Still, the campaign shows Ms. Merkel remains a master of the domestic political game.
“Merkel is still able to give people this feeling that she’s the nation’s mother and you don’t have to be afraid of things as long as she’s in charge,” said Olaf Boehnke, a senior adviser in Berlin with Rasmussen Global, a political think tank based in Brussels. He said a Social Democratic win is “absolutely not in the cards.”
The first and only televised debate between Ms. Merkel and Social Democratic leader Martin Schulz, a former head of the EU Parliament who at one time seemed a real threat to the chancellor, likely solidified her prospects.

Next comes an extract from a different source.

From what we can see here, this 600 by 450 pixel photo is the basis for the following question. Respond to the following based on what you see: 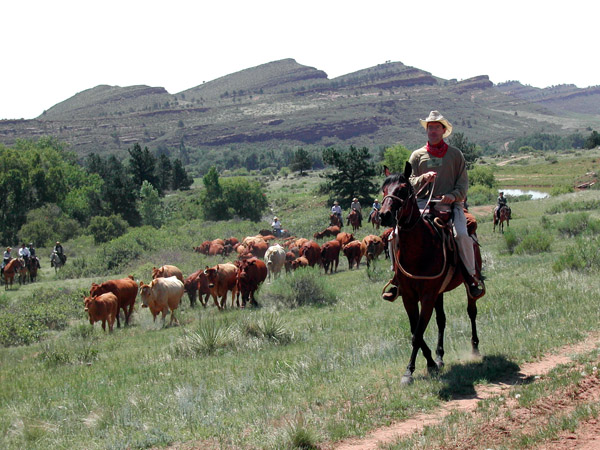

More than 16 million Germans tuned in Sept. 3 and watched as the chancellor displayed her signature reserve while ably discussing such issues as refugees, domestic security and Berlin’s prickly relations with Turkey.
“We Germans have enjoyed the advantages of globalization,” Ms. Merkel said during the debate, “but we can’t be disconnected from the conflicts we see around us. We have to respond, which doesn’t mean that all people can come here, but we have to do more against the causes of these problems.”
After the 97-minute debate, German public broadcaster ARD found that 55 percent of respondents gave Ms. Merkel the win, as opposed to 35 percent for Mr. Schulz.
Ms. Merkel’s trademark low-key competence appears to be playing well with German voters despite a troubled third term. Her decision to allow large numbers of refugees from the Middle East and other world hot spots into the country in 2015 brought on severe strains.
The latest DeutschlandTrend poll gave Ms. Merkel’s CDU and its conservative sister party, the Christian Socialist Union, 37 percent of the vote, compared with 21 percent for the Social Democrats, setting the stage for yet another Merkel-dominated “grand coalition” government.
“It’s great that Merkel always tries to remain matter of fact and to conceal her emotions on certain matters,” said Hendrik Schwick, 21, a student of computer science at the University of Potsdam near Berlin. “It’s not the worst thing that she’ll be chancellor again.”